WHAT YOU HAVE TO DO :: The lines to transcribe begin with the one containing "Apartamento Luxury Studio" and end with the last line below; reproduce them exactly, without the pictures.

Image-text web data
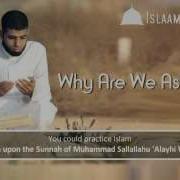 Why Are You The Muslims Ashamed Powerful Speech Muhammad Abdul Jabbar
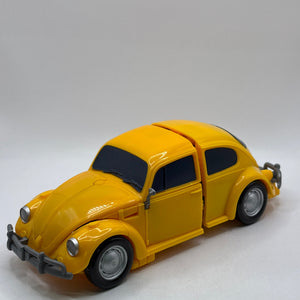 Transformers Bumblebee Mini Cooper Action Figure Loose FRENLY BRICKS - Open 7 Days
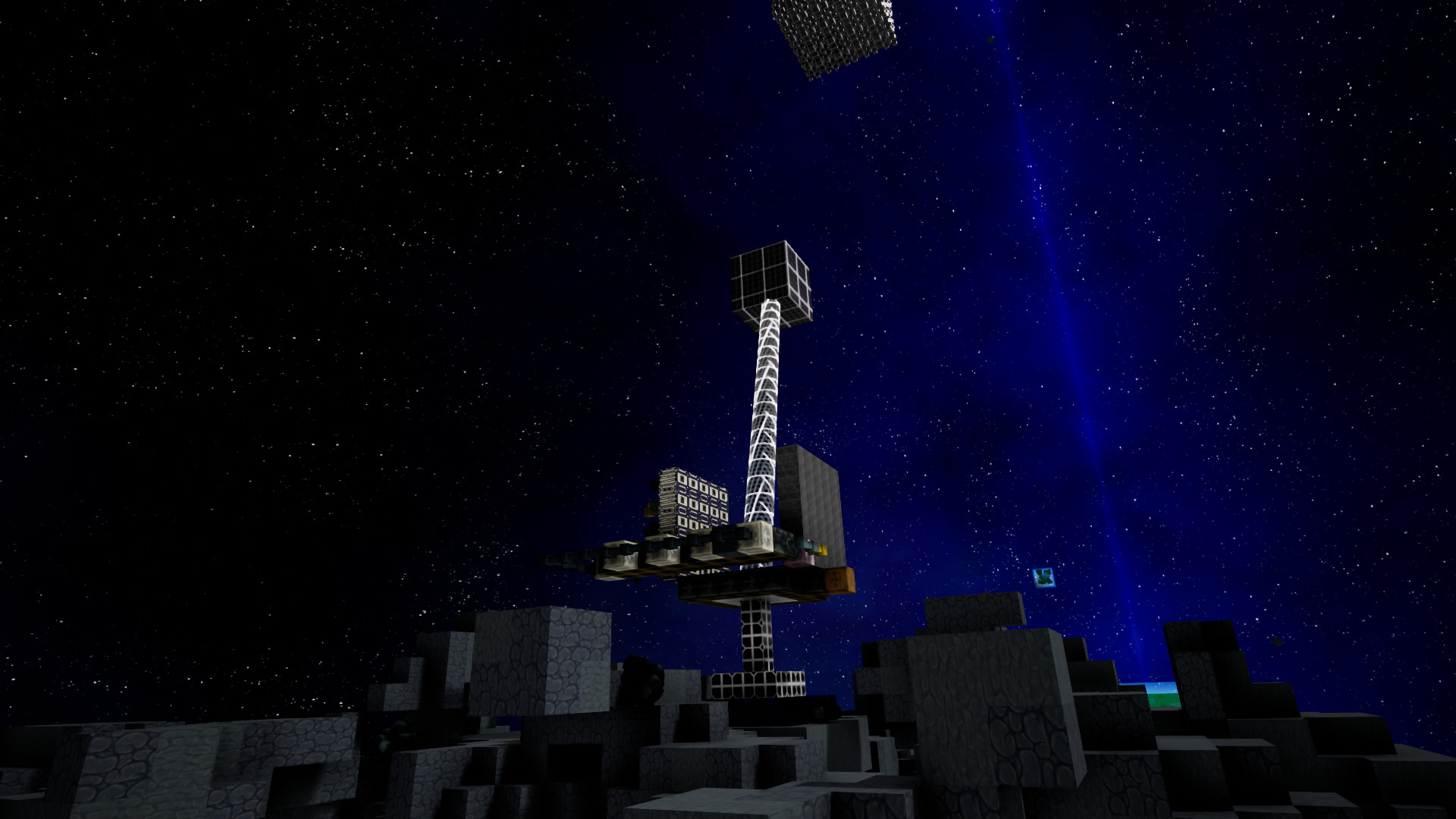 Outerverse screenshot 9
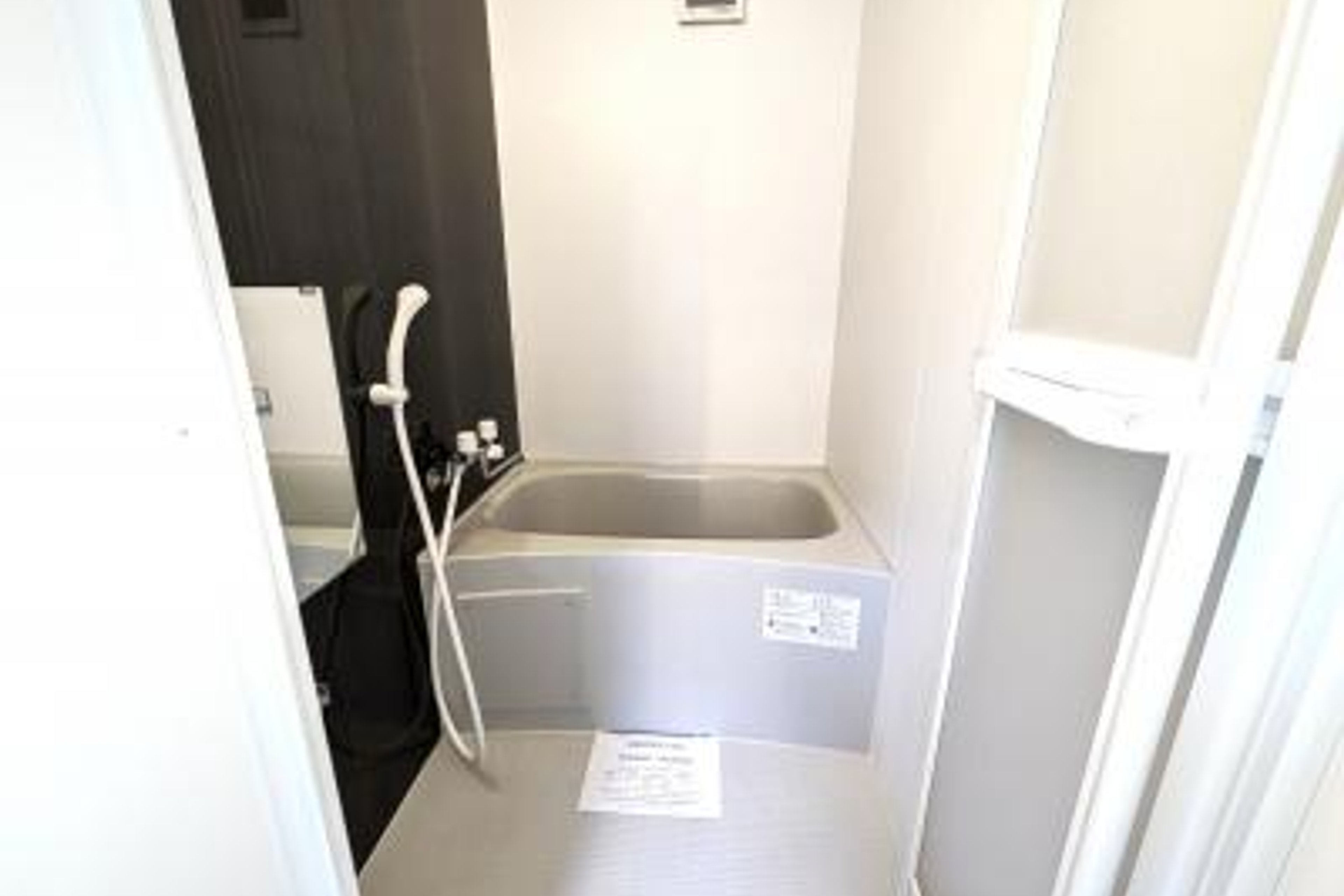 1R(ロフト)(12.07㎡)のイメージ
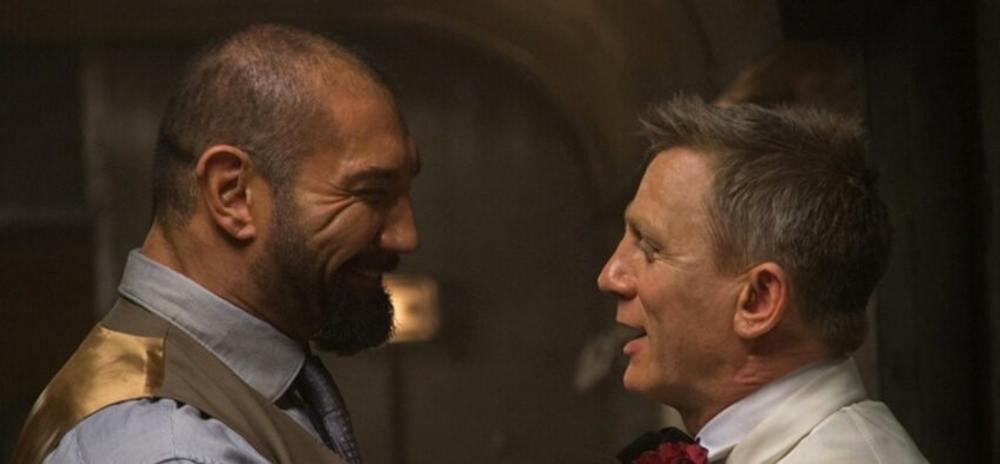 نخستین تریلر فیلم Knives Out 2 و هرچه درباره آن می‌دانیم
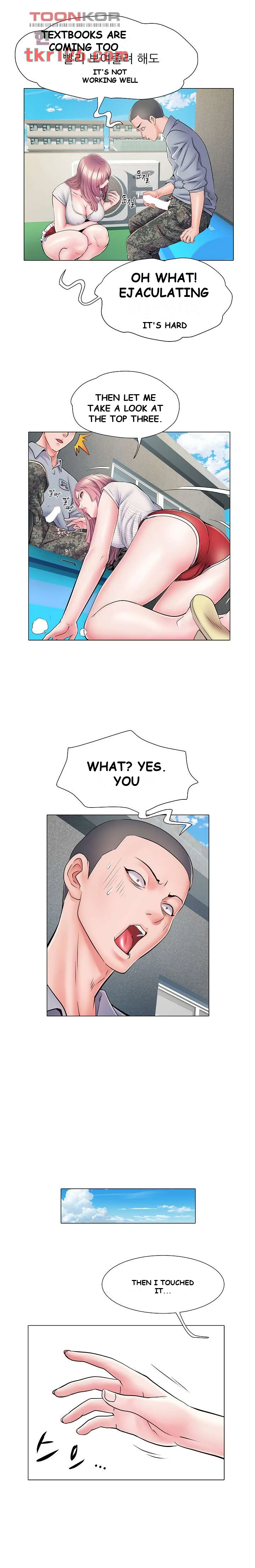 Block 69 Chapter 5 - Page 9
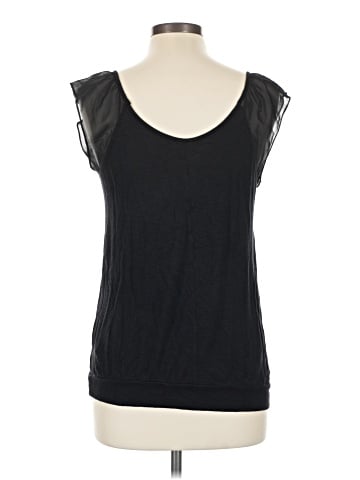 Maurices Sleeveless T-Shirt (view 2)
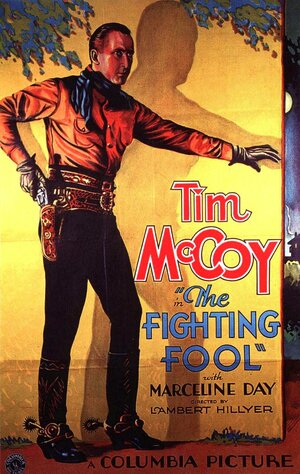 Постер: (The Fighting Fool, 1932 - вся информация о фильме на FilmNavi.ru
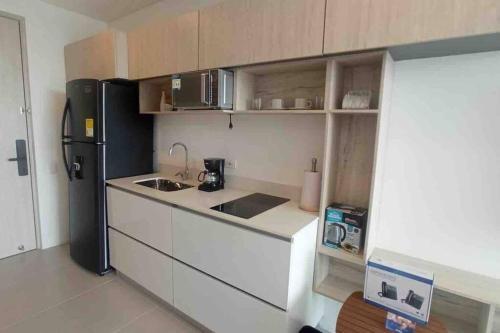 Apartamento Luxury Studio With Hotel Amenities&beach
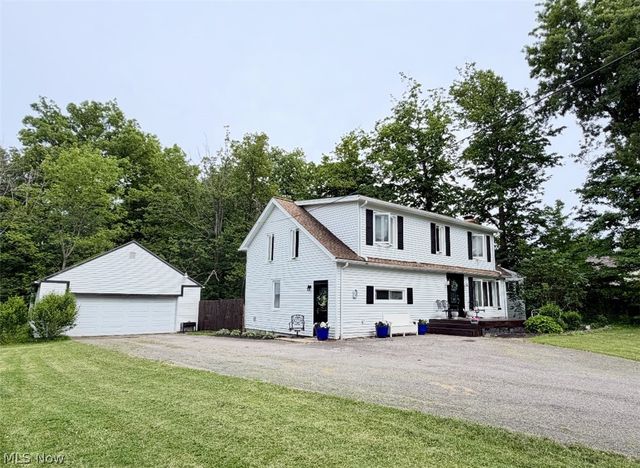 10187 Sperry Road, Kirtland, OH 44094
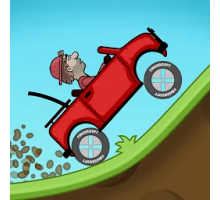 Hill Climb Racing 1.69.0 скачать на телефон (Андроид)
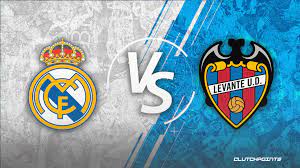 Real Madrid-Levante prediction, odds ...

THE ANSWER ::
 Apartamento Luxury Studio With Hotel Amenities&beach
 10187 Sperry Road, Kirtland, OH 44094
 Hill Climb Racing 1.69.0 скачать на телефон (Андроид)
 Real Madrid-Levante prediction, odds ...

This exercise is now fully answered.